Grade 7 Changemakers: Small Actions, Real Skills
Grade 7 Changemakers: Small Actions, Real Skills

Recently, Grade 7 students had two powerful chances to see what real changemaking looks like at WAB: learning alongside community partner, Roundabout, and interviewing High School GCiA clubs. Together, these experiences helped them see themselves as thoughtful, responsible changemakers in our community.
Grade 7 students visited the Roundabout Thrift Store to explore sustainability in action. They saw how donated goods are collected, sorted, and redistributed, and heard how Roundabout supports people in need while reducing waste.
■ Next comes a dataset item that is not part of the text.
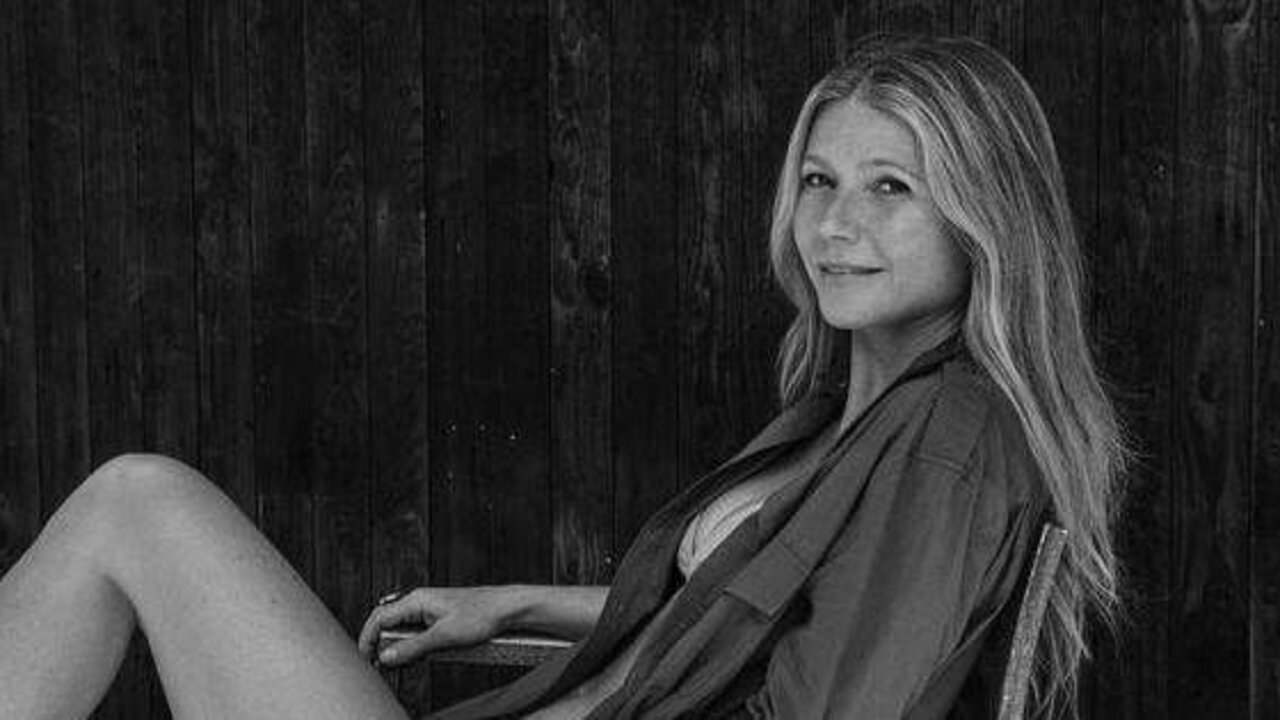 El cambio de Gwyneth Paltrow: Antes y despu&eacute;s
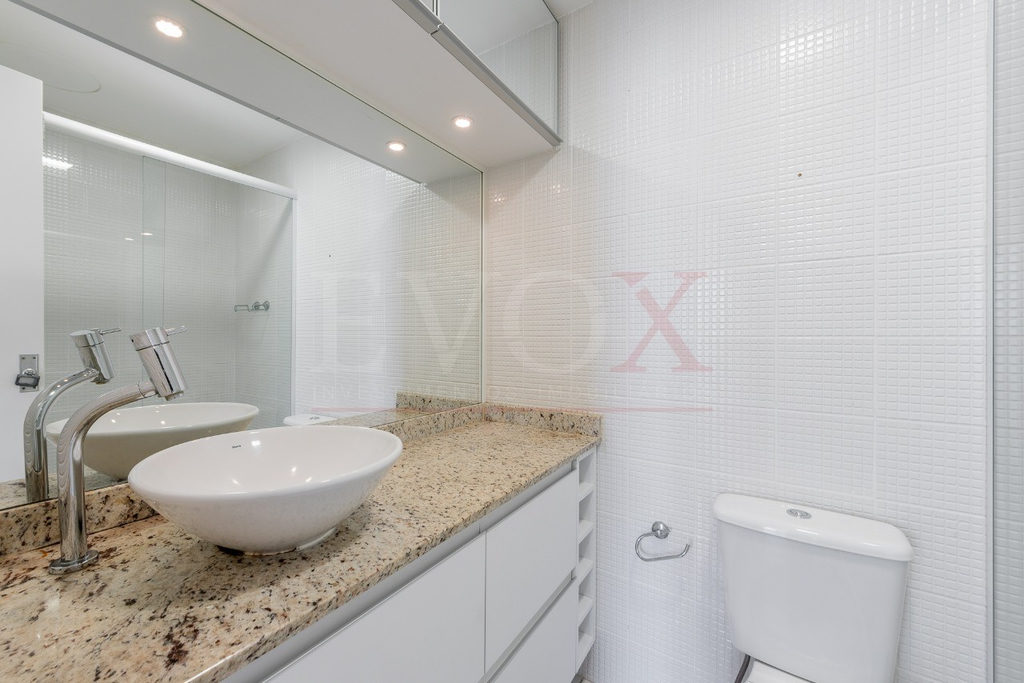 Apartamento para venda no bairro Jardim Botânico em Porto Alegre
For many students, the visit shifted their thinking from seeing secondhand items as "used things" to understanding them as part of a circular economy and a more sustainable way of living. Back at school, they reflected on what they had seen and how small, well‑designed actions can ripple into bigger impact over time.
In their Individuals and Societies Changemakers unit, Grade 7 students met with High School Global Citizenship in Action (GCiA) clubs and stepped into the role of interviewers. "We basically learned how the high school students got into groups and then formed like a small organization that they were passionate about and how they actually used the properties of a good NGO and formed this project," Catherine explained.

They asked club leaders questions about mission and motivation, impact and evidence, sustainability and legacy, money and transparency, partnership and collaboration, and how projects adapt when things don't go perfectly. The clubs they interviewed ranged from environmental initiatives—"We got to interview about how WAB can improve the environment here. So they had an NGO about having bees on campus and rooftop gardens to help like the air quality at WAB and so on," Angelia shared —to clubs that support children with leukemia at local organizations in China, to projects helping elderly people in care homes and mental health support initiatives.
These conversations helped students see that meaningful action requires planning, collaboration, reflection, and responsibility. Paul noted that the interviews "gave us examples and knowledge about how to do it," while Liam shared a specific takeaway: "They said how they tackled the root causes. We're using that in our own work, it's helped me step back and think about big picture.”

Using shared criteria, Grade 7 students analyzed the strengths and challenges of different GCiA projects and brought that thinking back into class as part of their curriculum work. Now, in I&S, each class is taking the next step by designing "mock" NGOs or GCiA‑style projects around issues they care about, applying what they learned about mission, impact, partnerships, and sustainability.
Looking ahead, the field study unit will give students more tools for investigating authentic needs at WAB through methods like media, interviews, surveys, and observation so that future action projects grow out of real evidence rather than assumptions. They will practice how to talk to adults and community partners, how to set success criteria, how to collect and interpret data, and how to adjust a plan when the first idea does not quite fit the real problem. Last year, for example, students who assumed "food waste is mainly students' fault" changed their minds after looking at cafeteria data.
For Individuals and Societies Teacher and MS Global Citizenship Lead Teacher Ms. Suzie Rampling, what matters most is that students are practicing student agency with support. Grade 7 students are not expected to run everything alone; they are coached through proposal forms, success criteria, and reflection, with teachers modelling how to ask good questions and plan thoughtfully before jumping into action. These habits—communication, collaboration, research, planning, and reflection—are the same ones they will use later in high school GCiA projects, CAS, and beyond.
The "small actions" that Grade 7 students are taking are helping students notice and respond to real needs around them, and they are quietly laying the groundwork for the kind of informed, empathetic leadership WAB hopes they will carry into the future.